▶ [Exercise requirements]: In the material below, find the line that contains "Modern dining room" and the line that contains "118 - A large", then write out exactly those two lines and everything between them.

[Exercise data Boundary: Start]

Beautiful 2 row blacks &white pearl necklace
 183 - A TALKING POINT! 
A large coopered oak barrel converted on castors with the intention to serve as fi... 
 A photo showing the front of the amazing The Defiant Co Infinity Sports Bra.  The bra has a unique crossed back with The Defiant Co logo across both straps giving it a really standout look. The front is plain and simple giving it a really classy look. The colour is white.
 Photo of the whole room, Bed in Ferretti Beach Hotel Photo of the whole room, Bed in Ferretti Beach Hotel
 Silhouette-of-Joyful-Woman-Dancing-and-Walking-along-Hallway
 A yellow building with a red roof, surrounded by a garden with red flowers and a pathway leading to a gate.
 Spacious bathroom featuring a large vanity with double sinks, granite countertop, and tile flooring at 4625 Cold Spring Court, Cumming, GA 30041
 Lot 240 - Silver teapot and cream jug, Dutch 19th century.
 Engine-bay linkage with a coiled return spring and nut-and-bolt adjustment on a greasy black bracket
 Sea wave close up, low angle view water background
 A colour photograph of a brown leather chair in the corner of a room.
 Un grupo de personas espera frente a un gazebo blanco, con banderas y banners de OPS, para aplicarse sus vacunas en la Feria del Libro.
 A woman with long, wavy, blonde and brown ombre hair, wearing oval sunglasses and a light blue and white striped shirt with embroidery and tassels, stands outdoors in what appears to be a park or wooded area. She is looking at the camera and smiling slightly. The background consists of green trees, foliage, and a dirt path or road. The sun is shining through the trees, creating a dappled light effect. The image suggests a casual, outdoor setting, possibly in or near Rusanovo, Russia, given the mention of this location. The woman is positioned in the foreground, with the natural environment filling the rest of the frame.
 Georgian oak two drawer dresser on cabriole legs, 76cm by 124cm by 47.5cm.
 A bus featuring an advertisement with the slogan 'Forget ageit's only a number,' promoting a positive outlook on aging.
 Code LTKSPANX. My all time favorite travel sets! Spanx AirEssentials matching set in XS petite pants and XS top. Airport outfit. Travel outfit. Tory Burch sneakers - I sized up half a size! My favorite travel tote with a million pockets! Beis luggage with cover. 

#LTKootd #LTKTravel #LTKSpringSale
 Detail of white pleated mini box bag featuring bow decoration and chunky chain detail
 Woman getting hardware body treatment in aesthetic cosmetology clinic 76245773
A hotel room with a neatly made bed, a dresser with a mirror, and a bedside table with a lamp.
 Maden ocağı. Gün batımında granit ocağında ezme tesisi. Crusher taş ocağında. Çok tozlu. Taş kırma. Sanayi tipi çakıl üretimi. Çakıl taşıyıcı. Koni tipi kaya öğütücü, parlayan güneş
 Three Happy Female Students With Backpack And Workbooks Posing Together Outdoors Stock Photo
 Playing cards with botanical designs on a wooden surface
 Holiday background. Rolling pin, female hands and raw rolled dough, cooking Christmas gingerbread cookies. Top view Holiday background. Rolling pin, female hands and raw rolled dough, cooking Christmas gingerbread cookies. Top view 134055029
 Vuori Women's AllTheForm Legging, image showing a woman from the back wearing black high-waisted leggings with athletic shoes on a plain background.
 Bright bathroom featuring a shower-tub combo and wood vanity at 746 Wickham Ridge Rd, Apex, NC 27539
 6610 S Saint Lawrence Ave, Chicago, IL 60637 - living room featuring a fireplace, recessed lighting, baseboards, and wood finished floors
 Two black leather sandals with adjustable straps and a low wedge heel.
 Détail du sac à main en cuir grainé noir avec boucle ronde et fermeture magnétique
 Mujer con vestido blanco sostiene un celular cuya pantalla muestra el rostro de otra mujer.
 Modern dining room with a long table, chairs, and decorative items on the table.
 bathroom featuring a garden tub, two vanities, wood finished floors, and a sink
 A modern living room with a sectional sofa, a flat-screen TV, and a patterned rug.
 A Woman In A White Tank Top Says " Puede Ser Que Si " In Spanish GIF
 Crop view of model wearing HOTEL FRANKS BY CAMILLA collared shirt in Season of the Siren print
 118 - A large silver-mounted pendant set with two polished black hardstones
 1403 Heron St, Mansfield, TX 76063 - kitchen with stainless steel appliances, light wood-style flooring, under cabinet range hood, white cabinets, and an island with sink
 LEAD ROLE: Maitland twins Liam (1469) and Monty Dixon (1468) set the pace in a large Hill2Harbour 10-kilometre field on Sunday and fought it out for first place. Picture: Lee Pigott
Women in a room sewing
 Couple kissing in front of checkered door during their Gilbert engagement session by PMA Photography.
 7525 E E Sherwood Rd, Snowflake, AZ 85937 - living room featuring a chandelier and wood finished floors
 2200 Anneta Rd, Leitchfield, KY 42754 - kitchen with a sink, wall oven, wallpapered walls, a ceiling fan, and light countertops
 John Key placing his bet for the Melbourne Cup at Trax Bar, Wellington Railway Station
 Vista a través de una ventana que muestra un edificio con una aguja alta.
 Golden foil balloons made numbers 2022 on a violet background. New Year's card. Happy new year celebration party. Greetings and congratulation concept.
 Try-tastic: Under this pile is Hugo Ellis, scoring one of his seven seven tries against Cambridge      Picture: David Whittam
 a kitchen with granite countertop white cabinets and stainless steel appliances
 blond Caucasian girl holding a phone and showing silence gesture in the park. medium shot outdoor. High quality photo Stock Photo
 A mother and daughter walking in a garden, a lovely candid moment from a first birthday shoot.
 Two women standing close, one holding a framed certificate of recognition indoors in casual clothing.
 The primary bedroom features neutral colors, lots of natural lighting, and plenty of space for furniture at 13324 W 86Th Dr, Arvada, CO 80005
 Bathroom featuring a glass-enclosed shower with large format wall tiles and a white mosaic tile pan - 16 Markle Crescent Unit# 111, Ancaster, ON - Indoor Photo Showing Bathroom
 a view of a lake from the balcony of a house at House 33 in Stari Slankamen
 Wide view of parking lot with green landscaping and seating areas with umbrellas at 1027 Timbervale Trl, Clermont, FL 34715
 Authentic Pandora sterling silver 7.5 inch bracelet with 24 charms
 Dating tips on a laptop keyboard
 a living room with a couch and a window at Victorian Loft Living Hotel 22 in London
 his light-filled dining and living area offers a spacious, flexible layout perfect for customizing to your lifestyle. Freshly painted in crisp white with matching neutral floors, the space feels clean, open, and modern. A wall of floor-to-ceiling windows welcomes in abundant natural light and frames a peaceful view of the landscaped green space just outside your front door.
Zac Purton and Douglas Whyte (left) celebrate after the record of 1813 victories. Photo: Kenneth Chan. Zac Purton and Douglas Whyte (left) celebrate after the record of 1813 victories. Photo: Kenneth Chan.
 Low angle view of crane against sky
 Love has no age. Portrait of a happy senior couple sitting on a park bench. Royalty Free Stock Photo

[Exercise data Boundary: End]

▶ [Result for this task]:
 Modern dining room with a long table, chairs, and decorative items on the table.
 bathroom featuring a garden tub, two vanities, wood finished floors, and a sink
 A modern living room with a sectional sofa, a flat-screen TV, and a patterned rug.
 A Woman In A White Tank Top Says " Puede Ser Que Si " In Spanish GIF
 Crop view of model wearing HOTEL FRANKS BY CAMILLA collared shirt in Season of the Siren print
 118 - A large silver-mounted pendant set with two polished black hardstones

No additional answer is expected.